Swords and Spaceships for August 28: Gothic Archetypes

This has been another incredibly difficult week, shipmates. It’s Alex, and I wish I could write a cheery intro for you right now, but I can’t. I spent every spare minute of my day doomscrolling Twitter, looking at the news out of Kenosha. I promise the end of the newsletter gets much sillier, and I did find some fun links if you need the distraction. Take care of yourselves, be safe, and solidarity with protestors and strikers.

If you’re as angry and upset as I am right now, here’s a place you can help: Milwaukee Freedom Fund

New Releases That I Cannot Believe I Missed on Tuesday

Elatsoe by Darcie Little Badger – Elatsoe is a Lipan Apache girl who lives in an America a little different from our own, one that has been shaped by magic, monsters, and legends. After her beloved cousin is murdered, she has to venture into a town that very much does not want her to pry beneath its picture-perfect facade and unearth its horrifying secrets. But she has magic of her own: the ability to raise the ghosts of dead animals, a gift passed down through her family. And she will use every skill, every trick, all of her wits, and help from her friends to protect her family.

Beowulf translated by Maria Dahvana Headley – Honestly, I’m not that much of a Beowulf stan (or that much into epic poetry) but the more I hear about this translation, the more I feel like I must read it (like translating “Hwæt!” as “Bro!”).

News and Views

Worlds Without End has reproduced (with permission) Nisi Shawl’s Crash Course in the History of Black Science Fiction

Nisi Shawl on music, spirituality, and the creative process

You can stream PBS’s documentary about Ursula K LeGuin for free until August 30.

Arkham Board of Health Feedback on Miskatonic University’s Draft Plan for a Safe Campus Reopening

You can explore the Smithsonian Air and Space Museum in Klingon

Chuck Wendig’s Wanderers is getting closer to being on TV.

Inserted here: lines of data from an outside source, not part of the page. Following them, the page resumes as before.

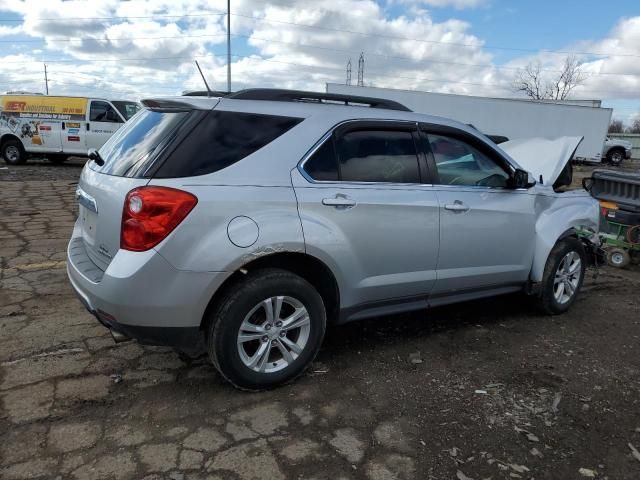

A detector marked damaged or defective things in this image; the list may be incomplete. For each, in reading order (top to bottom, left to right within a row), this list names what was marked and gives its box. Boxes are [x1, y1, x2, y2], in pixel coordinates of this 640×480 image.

cracked asphalt [1, 160, 640, 480]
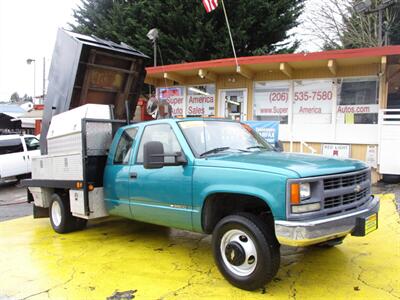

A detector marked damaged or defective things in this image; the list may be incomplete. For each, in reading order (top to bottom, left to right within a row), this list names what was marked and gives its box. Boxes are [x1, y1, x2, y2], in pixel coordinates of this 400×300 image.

cracked pavement [0, 188, 398, 298]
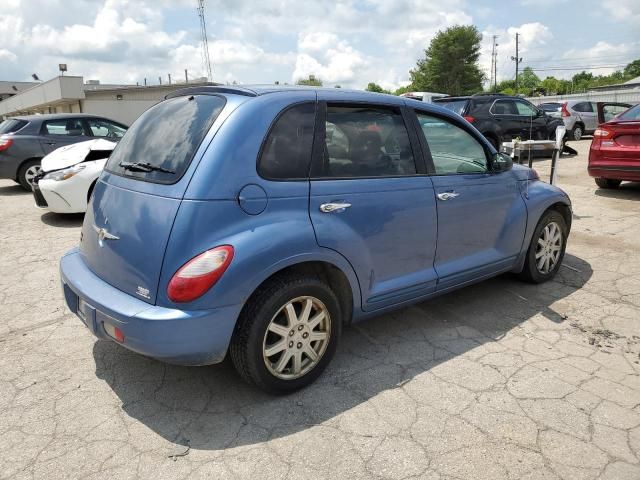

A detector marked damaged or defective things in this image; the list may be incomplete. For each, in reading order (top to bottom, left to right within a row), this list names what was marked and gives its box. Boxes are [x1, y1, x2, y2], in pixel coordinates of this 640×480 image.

cracked concrete pavement [1, 140, 640, 480]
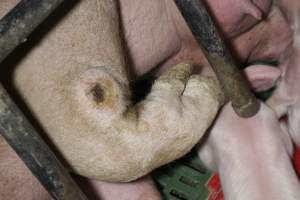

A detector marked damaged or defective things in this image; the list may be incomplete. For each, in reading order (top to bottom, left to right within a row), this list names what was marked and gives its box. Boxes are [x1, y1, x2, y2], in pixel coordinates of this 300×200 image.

rusty metal pipe [173, 0, 260, 117]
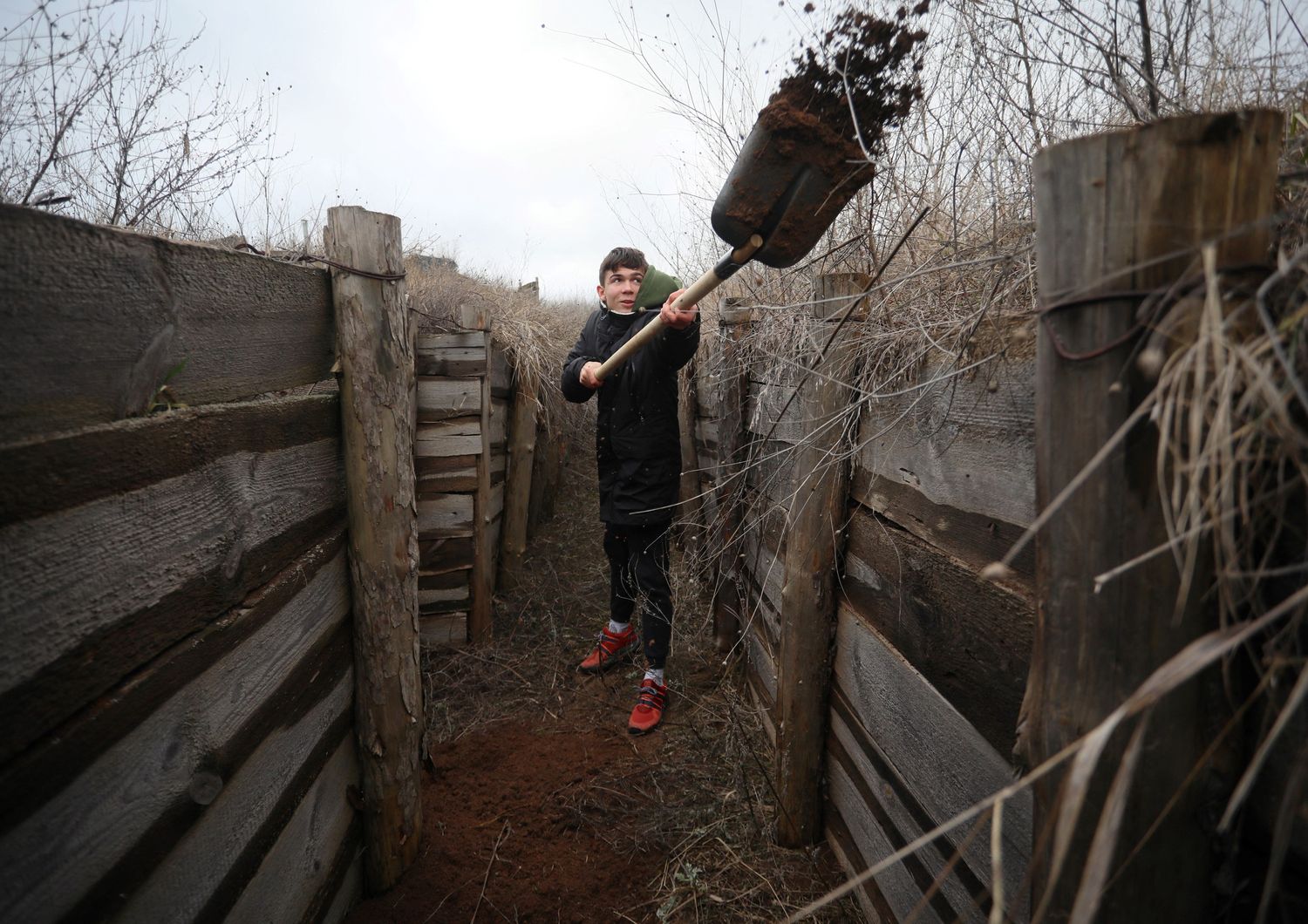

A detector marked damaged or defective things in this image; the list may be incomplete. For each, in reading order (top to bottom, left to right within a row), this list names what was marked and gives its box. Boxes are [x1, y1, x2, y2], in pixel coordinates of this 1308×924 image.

rusty shovel blade [712, 120, 875, 268]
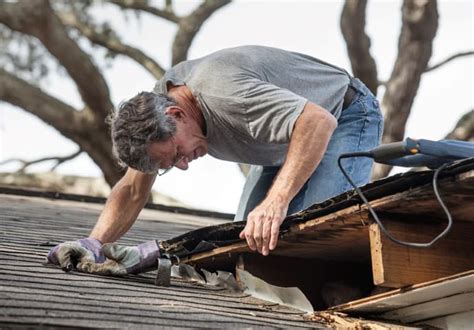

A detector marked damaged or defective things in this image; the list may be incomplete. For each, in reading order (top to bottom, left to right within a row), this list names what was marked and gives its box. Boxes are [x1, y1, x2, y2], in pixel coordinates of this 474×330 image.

torn roofing material [0, 191, 324, 328]
torn roofing material [160, 157, 474, 258]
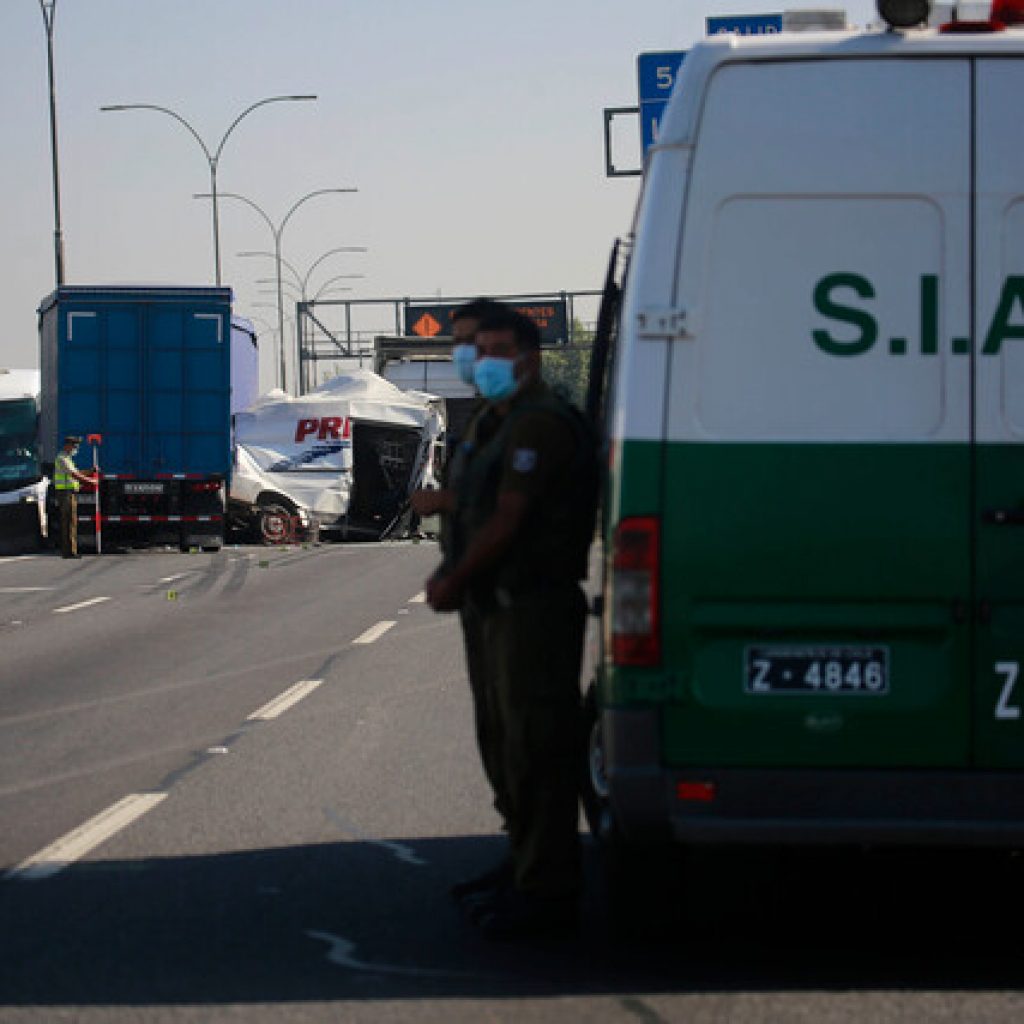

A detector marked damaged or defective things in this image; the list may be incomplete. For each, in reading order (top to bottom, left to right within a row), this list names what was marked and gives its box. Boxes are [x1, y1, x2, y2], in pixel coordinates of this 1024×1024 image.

damaged vehicle [231, 370, 444, 544]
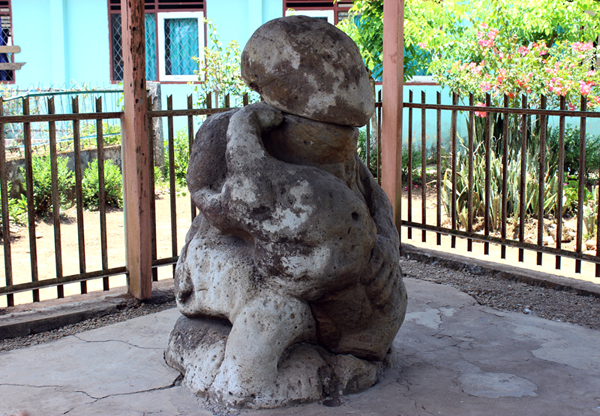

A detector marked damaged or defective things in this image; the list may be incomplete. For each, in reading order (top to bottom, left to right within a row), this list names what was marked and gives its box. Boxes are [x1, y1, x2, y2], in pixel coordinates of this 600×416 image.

cracked concrete paving [1, 278, 600, 414]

An online exhibit celebrating Ray Bradbury

A new short story from Malka Older: Tear Tracks

Look, Idris Elba has been in enough science fiction films that he totally counts as SFF news even if he’s launching a boxing school.

On Book Riot

10 books that explore the multiverse

5 eco-dystopian novels that explore environmental worst-case scenarios

8 writers discuss how fairy tales can disrupt the status quo

This week’s SFF Yeah! podcast is about diving into fanfiction

This month you can enter to win $50 at your favorite indie bookstore and a 1-year Kindle Unlimited subscription.

Free Association Friday: Gothic Archetype Edition

mexican gothicI mentioned on Tuesday that I finished Mexican Gothic by Silvia Moreno-Garcia, but I didn’t really have the space to expound upon my love for it. Which is to say, I read that book in less than 24 hours. Just shotgunned it. I haven’t mainlined a book that fast since Catching Fire. And it’s even more impressive when you consider I’m a giant weenie and there’s a non-zero amount of spooky stuff in this book, and I was finishing it up at approximately 2 in the morning, right before bed.

My favorite part, though? The book is tonally perfect for a gothic novel, and it’s set in the 1950s. I will cop to not being the most widely read in the gothic genre (it is a place of prose that crosses over from lush and into impenetrable, in my opinion), but it’s one that normally lends itself to being a bit further back in history, perhaps to aide the requisite “lady in a very large dress running from a spooky house.” And of course the required decaying mansion often feels displaced in time, a moldering corpse that died several decades back and hasn’t yet gotten the memo. Mexican Gothic is pitch-perfect in all these senses, and it’s got eminently readable prose, and it’s got all sort of crunchy issues in it that I can’t get into without spoiling it.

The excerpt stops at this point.